Newspaper in Nebraska, United States

The Omaha Daily Bee, in Nebraska, United States, was a leading Republican newspaper that was active in the late 19th and early 20th century. The paper's editorial slant frequently pitted it against the Omaha Herald, the Omaha Republican and other local papers. After a 1927 merger, it was published as the Bee-News until folding in 1937.

== History ==
It was founded as a pioneer newspaper in Omaha, Nebraska, on May 8, 1871, by Edward Rosewater a Jewish immigrant from Bohemia who supported abolition and fought in the Union Army. The Bee was Nebraska's first regional newspaper, and was regarded nationally for its advocacy and success. By 1875 the Bee had a circulation of 2,520 and by 1882 circulation had increased to 6,100. Although it was primarily a local paper, the Bee also carried national and regional news in a simple eight column design.

The paper's slogan was "Industry, Frugality and Service." in 1888 Rosewater built the Bee Building to accommodate its presses, which were claimed to be the largest in the country. After his father carried the paper to national fame before his death in 1906, the paper began to slip under his son Victor Rosewater's control. The Bee was criticized for sensationalizing alleged attacks by black men in 1919 with headlines such as ""Omaha Mob Hangs and Burns Negro Who Assaulted Girl" which escalated inter-racial conflict and justified the Omaha Race Riot of 1919. It involved three deaths and thousands of dollars in property damages. Another newspaper, Omaha World-Herald published reports condemning the violence with the headline "Frenzied thousands join the orgy of blood and fire".

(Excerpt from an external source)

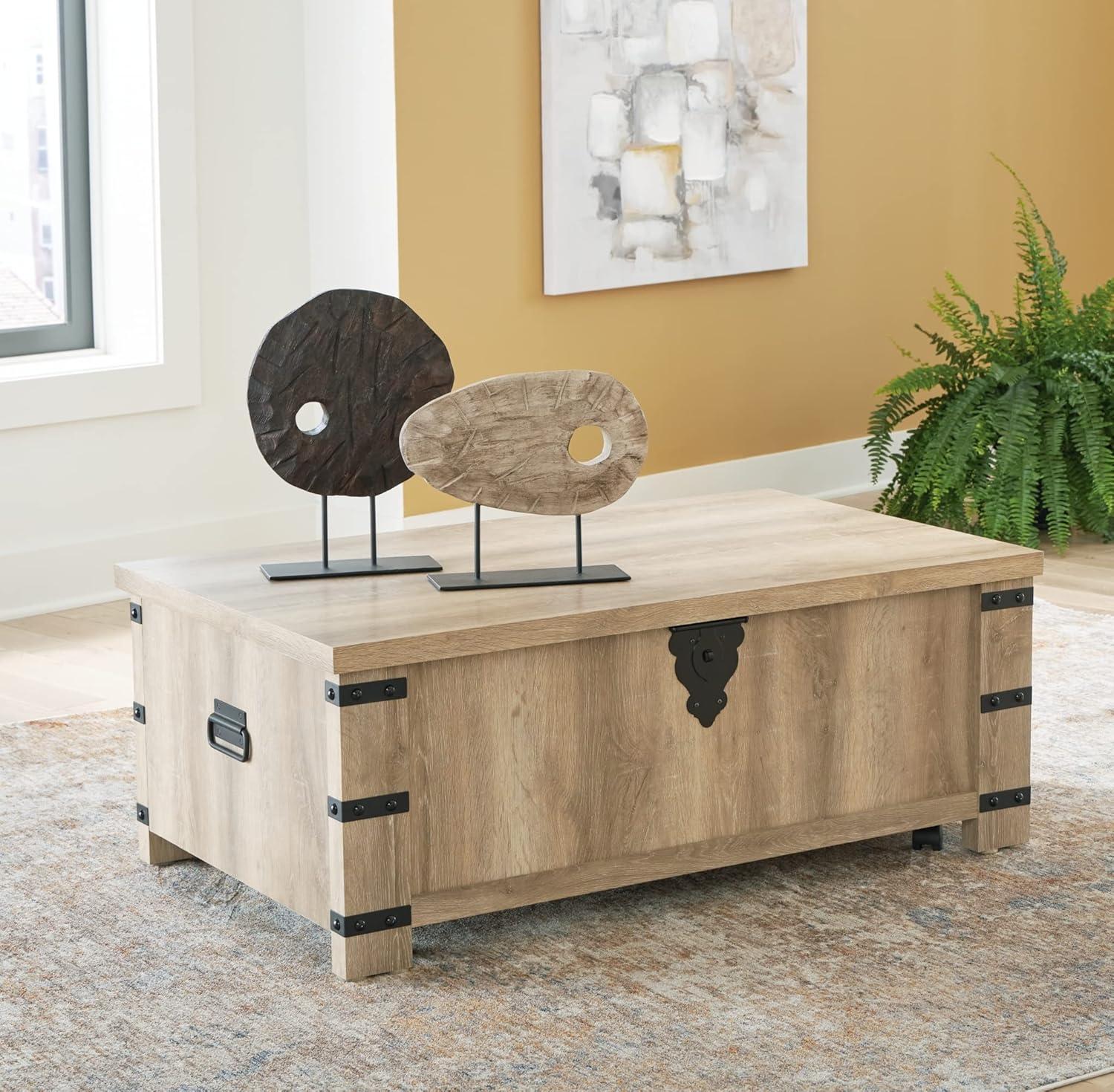 Signature Design by Ashley Casual Calaboro Lift-Top Coffee Table, Light Brown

The newspaper was sold to millionaire Nelson B. Updike, a local grain dealer, in 1920. In 1927, Updike purchased the Omaha Daily News and merged his papers to form the Bee-News. In June 1928 the Bee-News was sold to William Randolph Hearst. In October 1937, Hearst sold the paper to the Omaha World-Herald for $750,000, which promptly discontinued its publication.

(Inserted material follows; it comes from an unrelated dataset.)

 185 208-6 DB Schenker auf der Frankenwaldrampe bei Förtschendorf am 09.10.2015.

According to a 1954 World-Herald report, "Edward Rosewater actually did not have journalism in mind when he launched the first edition of the Bee on June 19, 1871, to influence the public in favor of the ratification of a legislative bill originated by him, creating the Board of Education."

Bee and Bee-News alumni include Don Hollenbeck, who later worked for CBS News.

Early 20th century American author Elizabeth Higgins Sullivan worked for the Omaha Daily Bee newspaper and various Chicago daily newspapers. She was devoted to Women's suffrage and the social settlement movement.